Imps 1-2 Grimsby – Cod Is Great

Something strange has to happened to me over the past couple of years. I’ve started to feel sorry for Grimsby Town. To drop one level below your natural position, as we have done, is one thing. To plummet through the leagues in the manner Grimsby have is entirely another. In September 2001 they topped Division 1. Now they play league games against Barrow. It’s too much for one club to take. So now instead of reacting to a Codland misfortune with mocking laughter I now find myself saying “oh dear”.

“Grimsby lost 5-0 to Braintree!”

“Oh dear”.

“Grimsby got knocked out of the cup by Salisbury!”

“Oh dear”.

And during the first half at Sincil Bank yesterday it looked like being another one of those “oh dear” days for Grimsby Town. Outplayed in every area of the pitch they went in at the break a goal down, but it should have been considerably more.

Conal Platt, on loan from Cambridge and a lively presence in the first half, opened the scoring after the Grimsby defence allowed him a lengthy solo run. City had other chances too, notably Francis Laurent’s close range effort early in the half that forced a quick, low diving save from impressive goalkeeper James MacKeown.

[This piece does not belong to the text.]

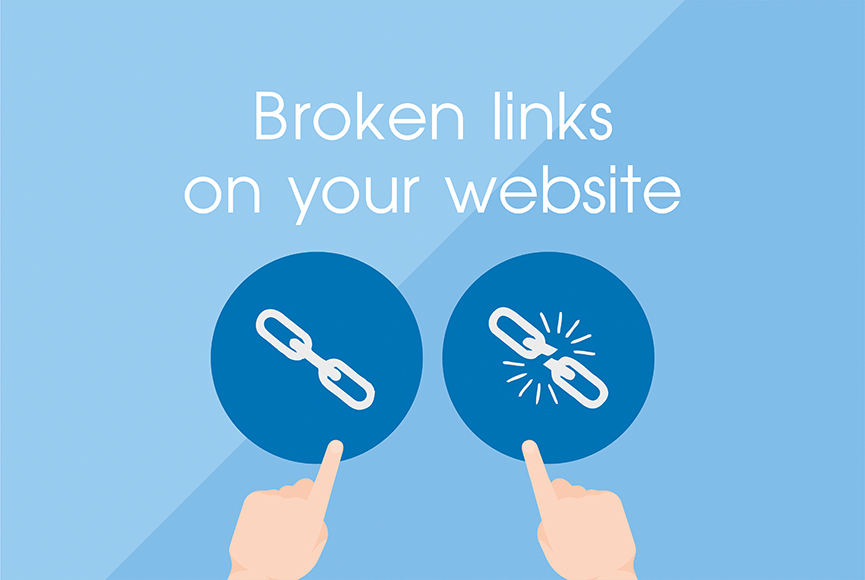 How to Find and Fix Broken Links on Your Website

Immediately after the half it was all Grimsby. The travelling Mariners had emerged from their dressing room long before the Imps, clearly raring to get going. And so they did, going close early through Bradley Wood and Emmanuel Panther. The equaliser came when what initially looked like a well taken corner found the head of Scott Garner. In fact the taker had slipped. A fluke. Obviously the luck was with Grimsby today.

Nine minutes later came the winner, a pass played into the path of Liam Hearn and slotted under Paul Farman as the Imps back line struggled to adjust to the loss of Josh Gowling.

At that point it was clear that the game was up. The lowest scoring team in the league, one devoid of the confidence to come back from behind was done. Forty-five minutes of good work, undone in ten.

We hope for better in the rematch on New Years Day.

So why did we lose then? Simply, I think, complacency. Even the Grimsby management acknowledged we were the better side first half. The telling thing was the way both sides reacted. Our players went in high fiving each other at a job well done. Theirs came out early, gagging to get at us.

What do we need to do to win on New Years Day? Remember that the game doesn’t end if and when you take the lead.

Man of the Match: I’m too annoyed to nominate one.

Moment of the Match: Conal Platt’s mazy, jinking dribble to set up his goal.

Best Name of the Match: Emmanuel Panther.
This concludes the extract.